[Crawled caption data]
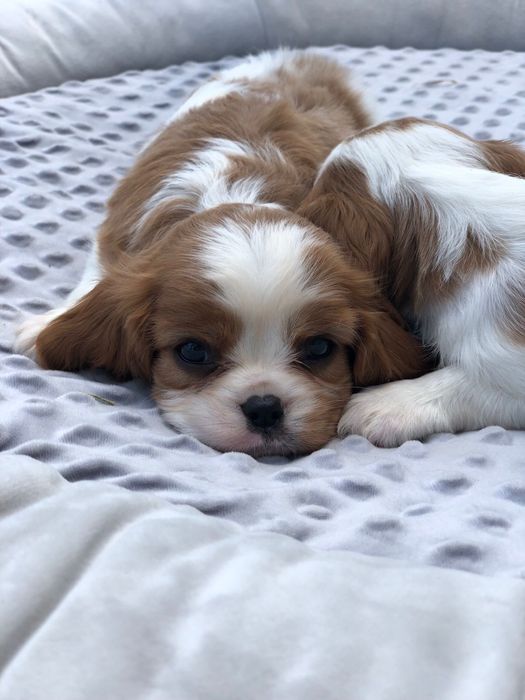 Cavalier King charles spaniel suczka przepiekna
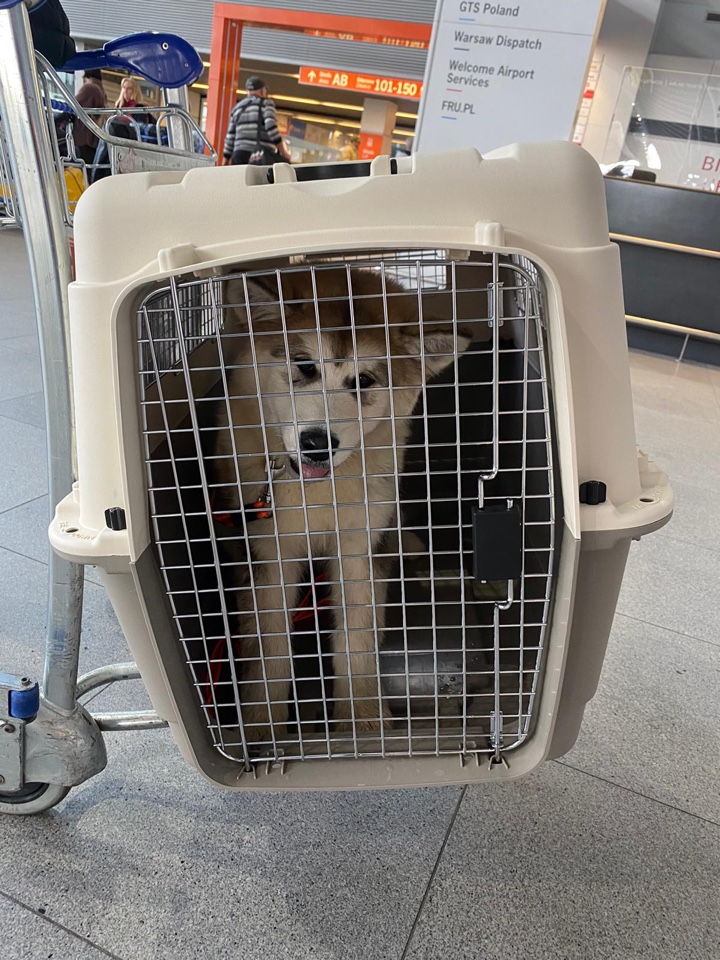 Flying with Large Dogs in Cabin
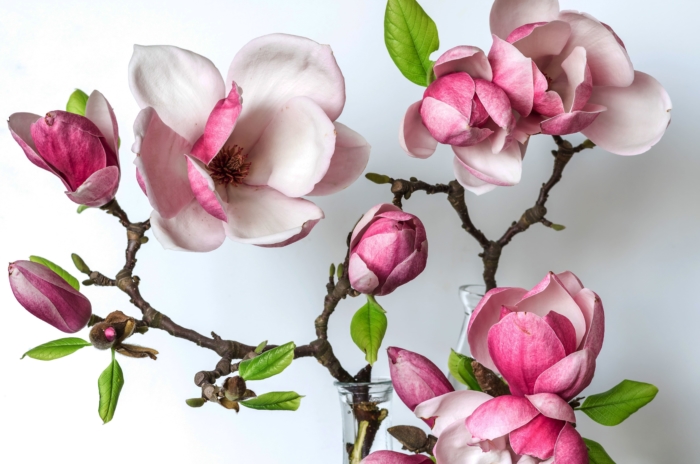 Belles images de magnolia - 100 images de ces fleurs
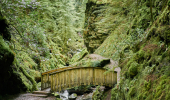 A bridge in a gorge covered in moss and lichen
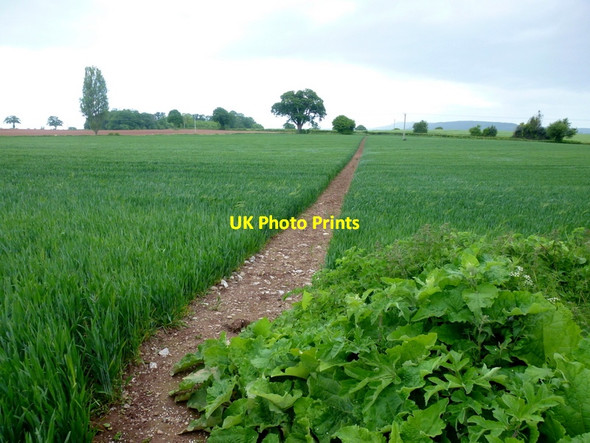 Photo 6"x4" Straight path, 1 Shenmore c2015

#### What is expected
Your copy must start at the line that holds "A bridge in" and end at the last line of the data, both included; it must contain no pictures.

#### Solved problem
 A bridge in a gorge covered in moss and lichen
 Photo 6"x4" Straight path, 1 Shenmore c2015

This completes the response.